Marco D’Amore con “Caracas” firma la sua terza opera da regista (dopo L’Immortale e Napoli magica) e regala al pubblico una storia liberamente ispirata al grande romanzo di Ermanno Rea “Napoli ferrovia” in cui l'autore affidava all’io narrante, con una prosa asciutta e un ritmo incalzante, il compito di dipingere la storia di due persone che non potevano essere più distanti: uno scrittore in cerca di sé stesso e un uomo che crede di essersi perduto per sempre, sospeso tra la seduzione del male incarnato da modelli neozisti e il richiamo dell’Islam. E solo Napoli poteva essere il baricentro di un incontro raro come una gemma aliena che il regista ha lucidato per il grande schermo.

Ieri sera al Citrigno, Cosenza si è raccolta per accogliere Marco D’Amore e Toni Servillo presenti alla presentazione del film (in sala anche Fortunato Cerlino che in Gomorra interpreta don Pietro Savastano), i quali hanno speso parole d’affetto per il cinema di resistenza, quello di frontiera, che in alcune città è sparito («noi abitiamo a Caserta - ha detto Servillo - e non c'è neanche una sala. Ci vorrebbero più persone come Giuseppe Citrigno. Tenere in piedi posti come questo è importante perché sono luoghi di cultura, ma anche di incontro»). 

«Il film trae ispirazione da una gigantesca esperienza letteraria – dice D’Amore riferendosi a "Napoli Ferrovia" che l'ha ispirato - legata a uno degli autori che hanno saputo meglio raccontare una città-mondo quale è Napoli, unendo il sentimento dell’esule a quello legato al ritorno».

Toni Servillo, che oggi sarà in scena al Tau con “Fuoco sapiente”, racconta il suo personaggio, lo scrittore Giordano Fonte, quasi con tenerezza. «Lui si sente perduto e probabilmente è un animo che gli è necessario perché gli permette di rimettersi in gioco. Gli strumenti che credeva di avere quando era un giovane intellettuale, non sono più adatti a spiegare Napoli oggi. Deve rinnovarsi e facendo questo, ritrovarsi». Il viaggio di Fonte somiglia un po’ a quello di Dante, anch’egli smarrito in una selva oscura che gli aveva rabbuiato il cuore prima di arrivare ai piedi di una montagna da cui si intravede la luce. «Forse è ardito il paragone con Dante – ci spiega -. Sicuramente, però, questo autore trova in Caracas una sorta di Virgilio che lo accompagna in quel triangolo della disperazione che è il quartiere che gira intorno alla Ferrovia di Napoli.

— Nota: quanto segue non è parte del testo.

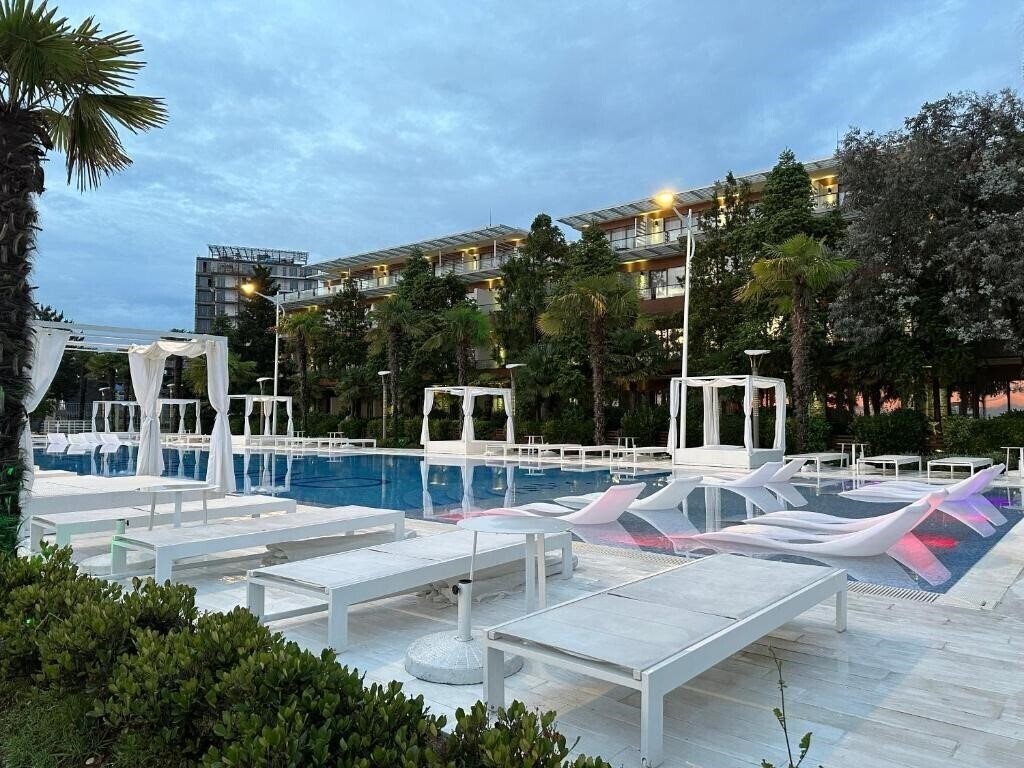 Hotel Dreamland Oasis 4* қонақ үйі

Attraversando questi gironi infernali, entrambi si uniranno in un’amicizia improbabile che più che fargli capire cosa gli circonda gli farà capire chi sono loro».

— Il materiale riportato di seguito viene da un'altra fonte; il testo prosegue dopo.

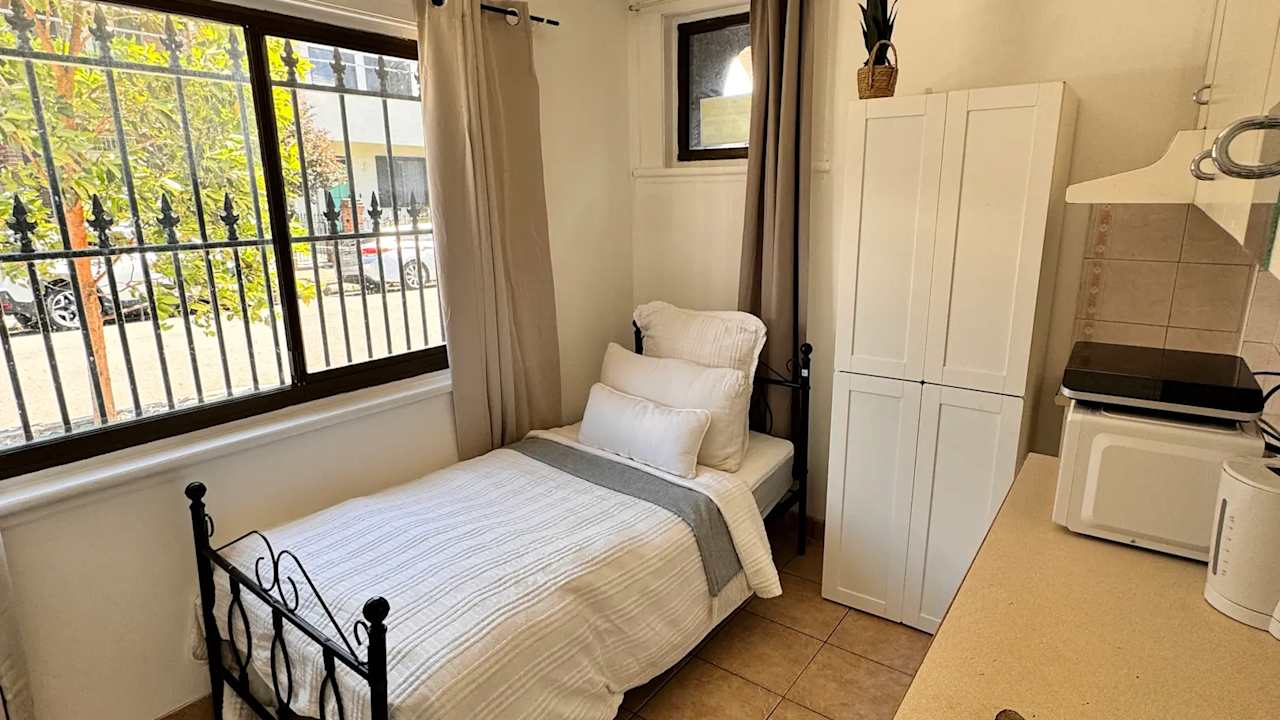 Furnished room studio flat for rent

D’Amore spiega anche la scelta estetica del film che in alcuni tratti sembra ricordare Sin City o Gotham City. Allora chiediamo, mutuando una celebre battuta tratta dal film Batman, qual è l’eroe che Napoli non merita, ma di cui ha bisogno. «Faccio mie le parole di un grande autore: sventurata la terra che ha bisogno di eroi. Napoli ha bisogno di persone perbene, e sono tante, che si scetano ‘a matina e vanno a faticà».